More O.B. Confidential

Osborn and Briffa site chronologies differed from Esper site chronologies for 4 sites. Site chronologies can differ depending on the standardization method used; in order to analyze the effect, one needs to see the measurement data. Hundreds of measurement data sets have been archived at WDCP. The really weird thing is that the Hockey Team likes to use proprietary data, rather than archived data – look at mainstay Briffa studies: Yamal, Tornetrask update, Taimyr, Athabaska (Luckman version): unarchived. Since Science policy requires data, I’ve persisted in trying to get the actual measurement data used by Briffa so that I could understand what accounts for the site differences with Esper. Here is the most request (and we’re at 38 emails back and forth and counting:

3. In 4 cases, the Osborn site chronology differs from the Esper site chronology, although in the other cases the versions are identical. In some cases, the date ranges do not match. I do not believe that it is possible to replicate the Osborn version from the Esper measurement data in these 4 cases and surmise that Osborn used a different measurement data set. I therefore request measurement data used by Osborn for the following sites: Polar Urals, Tornetrask, Taymir and Athabaska.

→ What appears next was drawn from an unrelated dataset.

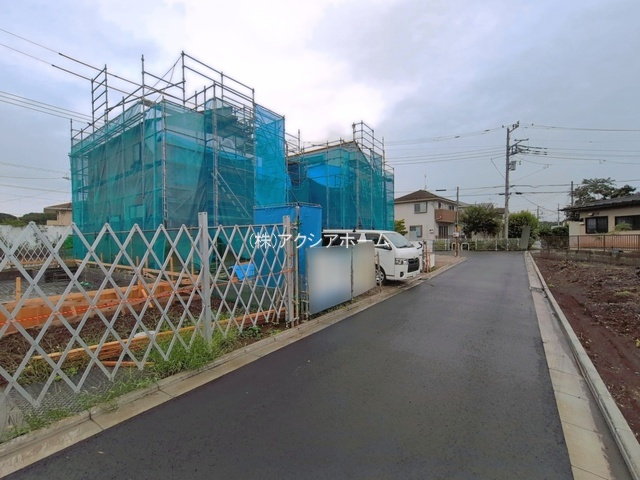 所沢市中富・全13棟　新築一戸建　13号棟の前面道路含む現地写真|2026年9月7日撮影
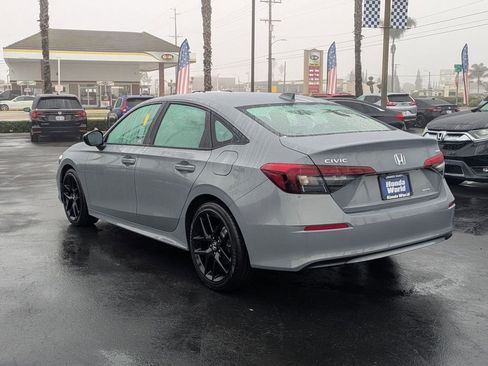 Certified 2025 Honda Civic Sport image 17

This email did not contain a request for confidentiality. The voice is that of Sciencemag, not O&B.

Esper et al. was not the source for the four series in question, as stated in the SOM of the paper (see paragraphs c and d). The Athabasca series was replaced with a series from Luckman and Wilson. The other three series contain some non-identical tree-ring series derived from the same sites; thus the series they used can not be reproduced using the Esper et al. data; there are fewer tree cores in the Esper et al. data. The source for these three series is Briffa (2000). Osborn and Briffa did not not use raw tree-core measurements, only chronologies that had previously been assembled by others, and these have been deposited. You may want to contact those original authors or those publications if you require their raw data.

Isn’t this cute. Osborn and Briffa are taking the position that the Science 2006 article did not directly use the measurement data, but only the chronologies calculated from the measurement data. Thus, they are taking the legalistic position that the measurement data itself is not subject to Science’s data policy – a point which Science seems to be endorsing. Given that the chronologies were calculated in Briffa {2000), I guess I should try to locate this Briffa fellow. I wonder if he’s got anything to do with the Briffa of Osborn and Briffa.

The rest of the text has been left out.